Isaac Asimov's 'Foundation' is a science fiction masterpiece that captivates the imagination with its grand scope, intricate world-building, and thought-provoking exploration of the rise and fall of civilizations. Originally published as a series of short stories in the 1940s, 'Foundation' is the first installment of Asimov's eponymous series, which has had a profound influence on the genre. The narrative unfolds in a distant future where a mathematician named Hari Seldon has developed 'psychohistory', a revolutionary concept that combines history, sociology, and mathematics to predict the future behavior of large populations. Recognizing the inevitable decline of the Galactic Empire, Seldon orchestrates the creation of the Foundation, a hidden colony tasked with preserving knowledge and guiding the galaxy through a dark age of chaos...

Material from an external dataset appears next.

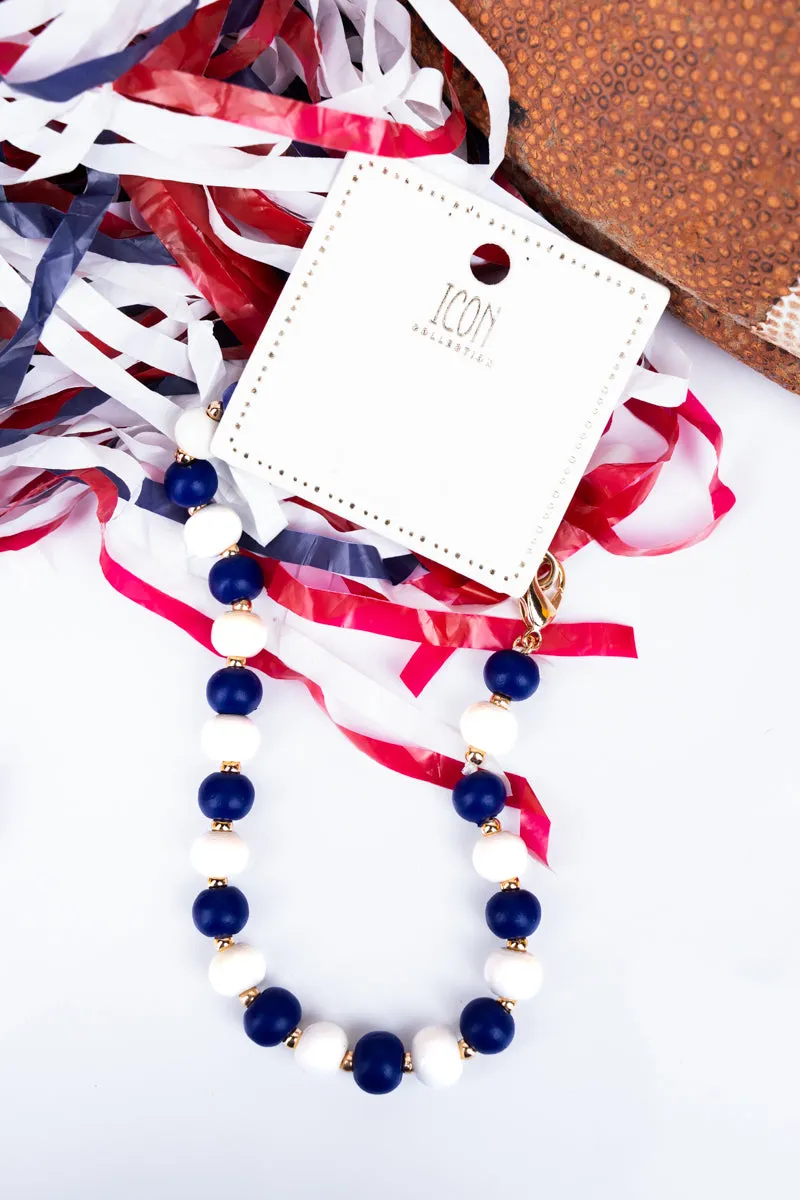 We've Got Spirit Blue & White Beaded Hat Chain
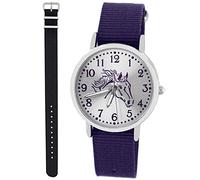Pacific Time Kinder Armbanduhr Mädchen Junge Pferd Motivuhr Kinderuhr Set 2 Textil Armband violett + schwarz analog Quarz 10326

Result after the translation and summarization.
Translated output
Summary
I was excited to get it all working even though the result was not quite perfect. My initial thoughts were something like "wow, I can create an orchestrated workflow with natural language" and "sky's the limit with this thing". But when I paused for a while and started thinking about the bigger picture and how it all integrates to new or existing software, I found out that the initial excited thoughts were mostly technical.
Since then, I've sometimes revisited the solution and thought about the whole skill/plugin framework and all that and I'm stuck with the dilemma of making this naturally approachable solution available to users. If it's just for the orchestration like shown above, it doesn't do much good compared to a more traditional implementation. And if the user's are allowed to create the plans themselves, how to make them aware of all the possible skills/plugins in the underlying system? It feels like there's an extra layer that just adds complexity with little added value. But I can definitely see some potential use cases for this kind of workflow as well.
There is definitely more to learn from Semantic Kernel than what I've just shown. There are more fine-grained use cases available with features like memory and vector databases. Maybe I'll come back to it after clearing my head with some traditional development duties.